Resign or be fired, Cardiff owner Tan tells manager Malky Mackay

By Robert Jones

Malky Mackay appears to have no future as Cardiff City manager.

The Scot's reign at the helm of the Welsh club looks to be ending after reports emerged that he had been told by Vincent Tan, the Premier League club's owner, to resign or be sacked.

On the back of an extraordinary club statement earlier in the week, when Tan criticised Mackay for expressing his hope that three new players could be signed when the transfer window opens next month, the manager's position is almost untenable.

There are suggestions that on the same day that the club statement was released, Mackay received an email from Tan that listed the owner's grievances across a number of areas, including the club's activity in the transfer market in the summer and the team's style of play.

A Cardiff spokesman, responding to last night's speculation, said: "The club is not party to any letter sent from one person to another."

Mackay confirmed this week that he had no intention of resigning as manager and that stance will not change.

Although his job has been made nigh on impossible by the club's owner, the former Watford manager is clearly minded to carry on and pursue Premier League survival.

Mackay, 41 would be due a significant compensatory sum if his contract is terminated by Tan.

As things stand Mackay is due to attend a press conference at Cardiff's training ground later today, before flying to Liverpool for Saturday's Premier League fixture at Anfield.

Liverpool manager Brendan Rodgers, meanwhile, has sprung to the defence Mackay, accusing Tan of "knowing nothing about football."

Rodgers finds it unbelievable that the situation has been allowed to develop as it has.

"I find it incredible all the talk about Malky, who I know well from working with him at Watford," said ex-Swansea boss Rodgers.

"I find it astonishing what he has had to go through.

"This is a guy who walked into Cardiff after they had lost in the play-off semi-finals and they waited two weeks to sack the manager Dave Jones on the day we (Swansea) were in the final – which I found strange.

"Malky walked into the club with 10 players that summer and he totally transformed the mentality of the club.

"He took them to the Carling Cup final, to a play-off place and just lost out and the following season took them to the championship and promotion.

"My only conclusion is you have a business guy operating the club who knows absolutely nothing about football.

"When I see what Malky has had to put up with, to see him being questioned is remarkable."

On a different topic, Rodgers believes even Luis Suarez, with his controversial history at the club, deserves a shot at redemption and he had no qualms about naming him as stand-in captain.

The Uruguay international took the armband for Sunday's 5-0 win at Tottenham in the absence of the injured Steven Gerrard and with vice-captain Daniel Agger on the bench.

Some questioned whether a player who in nearly three years at the club has had lengthy suspensions for racially abusing Manchester United's Patrice Evra (seven games) and biting Branislav Ivanovic (10 games), and had tried to force a move away in the summer was deserving of such an honour, especially at a club which had such proud traditions and some exemplary leaders.

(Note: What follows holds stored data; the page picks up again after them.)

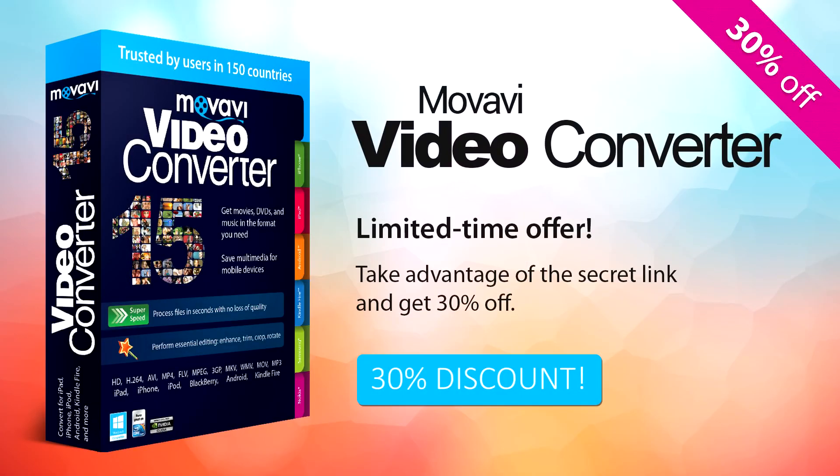Limited time offer. Take advantage of the secret link and get 30% off today.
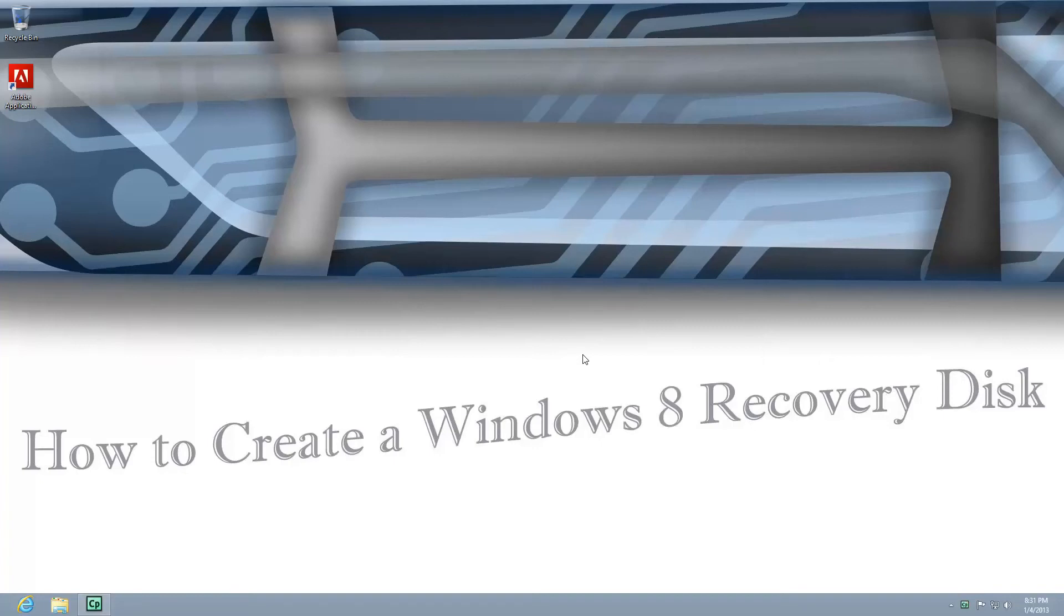Hi, my name is Roger Ahuja and I'm going to show you how to make a Windows 8 recovery disk.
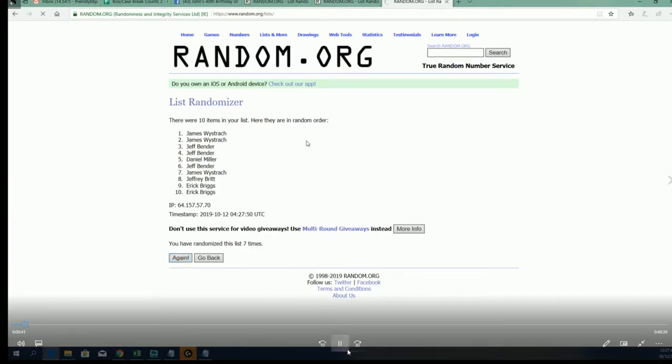is your first time seeing this. Boom! JW, JW is the top two.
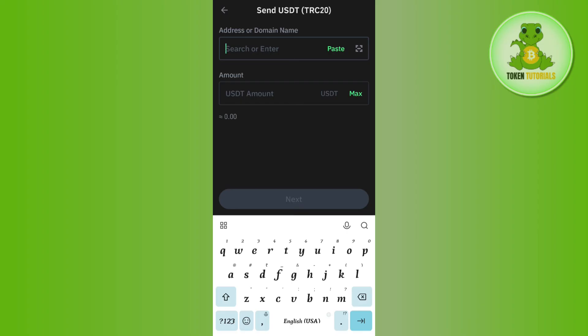On the next page, tap on the withdraw button to confirm your withdrawal. After waiting for some time, you will be able to easily receive your USDT on the TRC20 network on Binance.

Bur Rodgers believes the 26-year-old has matured significantly since his most recent ban earlier this year and is keen to give Suarez a chance to make amends.

His 17 goals in 11 games to be the leading Premier League goalscorer, firing the Reds into second place, has gone some way to doing that.

"You have seen his performances and conduct," he said.

"We all make mistakes and you would hate to think he would be punished for a lifetime because of the ones he has made."